2D Materials
- Discipline: 2D materials, physics
- Language: English
- Edited by: Wencai Ren

Publication details
- History: 2014–present
- Publisher: IOP Publishing
- Frequency: Monthly
- Open access: Hybrid
- Impact factor: 4.3 (2025)

Standard abbreviations
- ISO 4: 2D Mater.

Indexing
- ISSN: 2053-1583

Links
- Journal homepage;

= 2D Materials (journal) =

2D Materials is a monthly peer-reviewed scientific journal published by IOP Publishing. It covers fundamental and applied research in two-dimensional materials science and engineering. It includes experimental, theoretical, and applied studies on materials such as graphene, silicene, boron nitride, and transition metal dichalcogenides, along with related synthesis and fabrication techniques. The journal publishes original research articles, Perspectives, and invited Topical Reviews of multidisciplinary interest. The editor-in-chief is Wencai Ren (Chinese Academy of Sciences).

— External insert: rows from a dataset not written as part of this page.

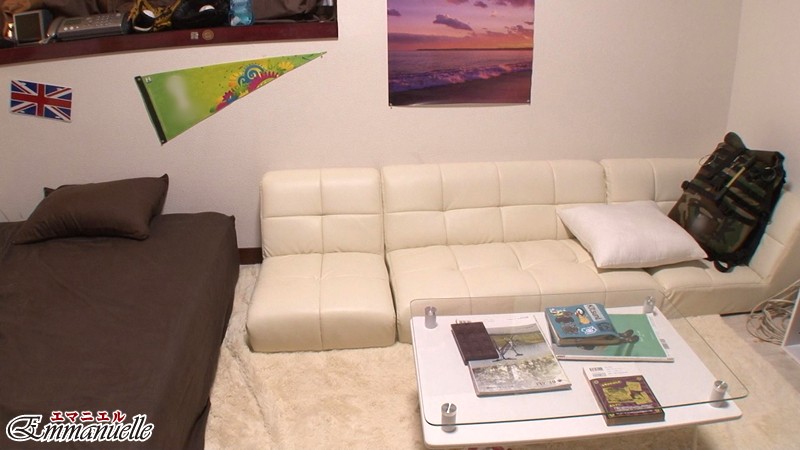 サンプル画像 2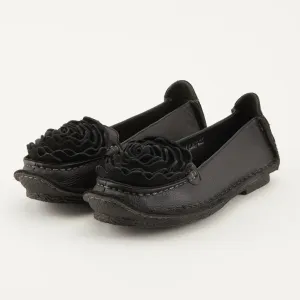 L'ARTISTE DEZI SHOES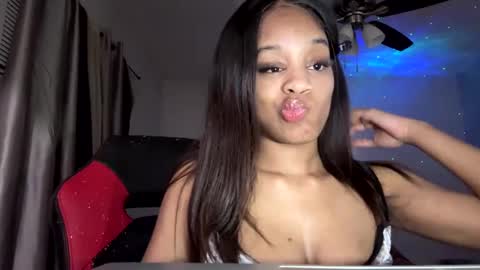 iysisfv online show from February 3, 2025, 7:51 am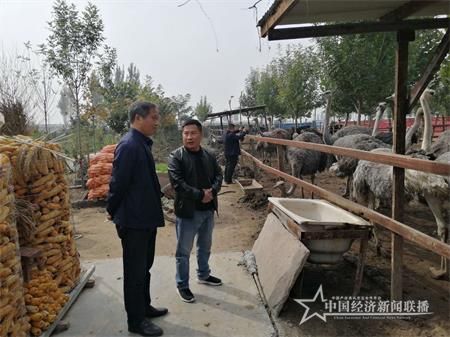 微信图片_20201024075948.jpg
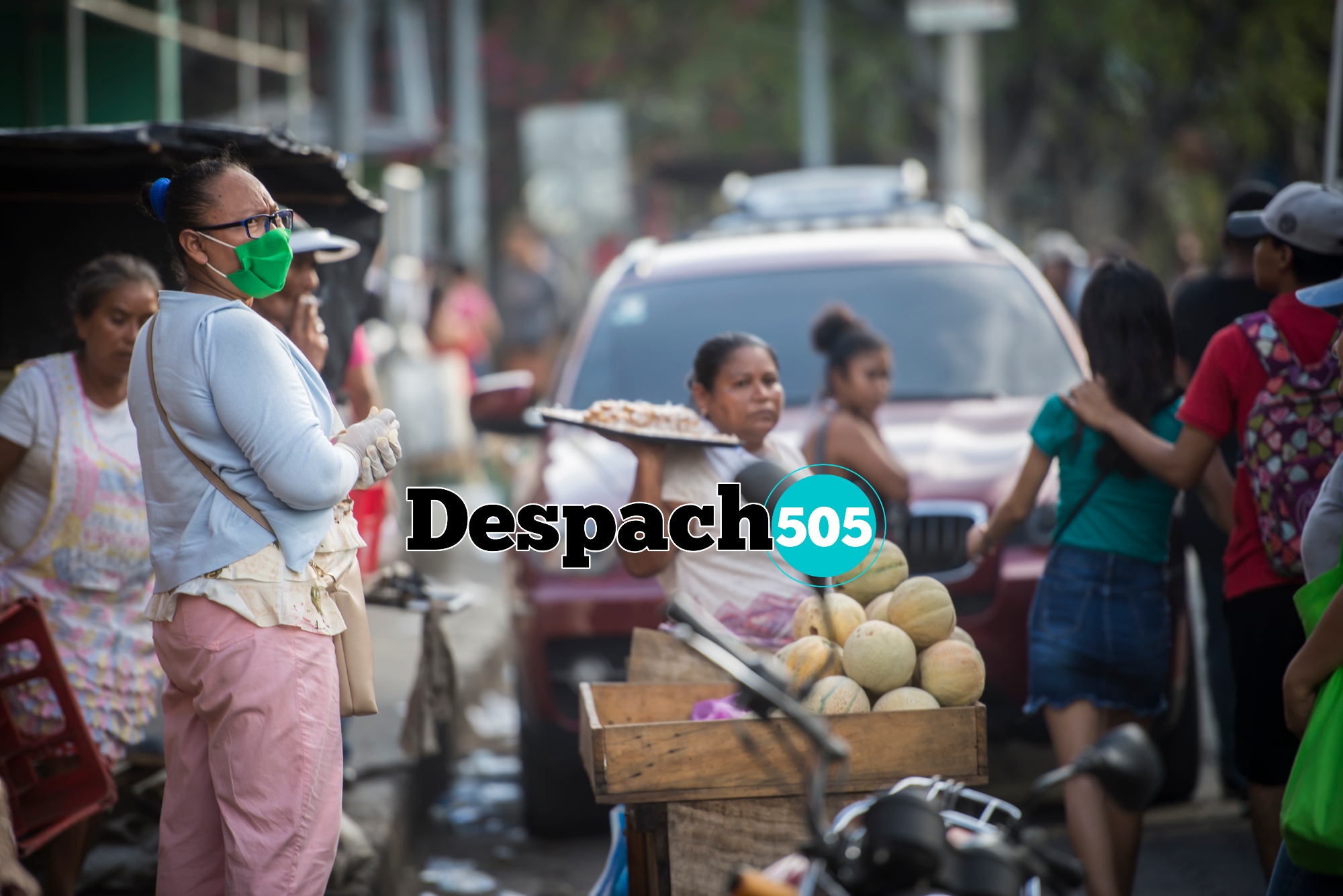 Iglesia denuncia “excesivo y arbitrario” incremento en facturas de agua y luz en medio de la pandemia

==Abstracting and indexing==
The journal is abstracted and indexed in:
- Astrophysics Data System
- Chemical Abstracts
- Ei Compendex
- Inspec
- International Nuclear Information System
- ProQuest databases
- Science Citation Index Expanded
- Scopus
According to the Journal Citation Reports, the journal has a 2025 impact factor of 4.3.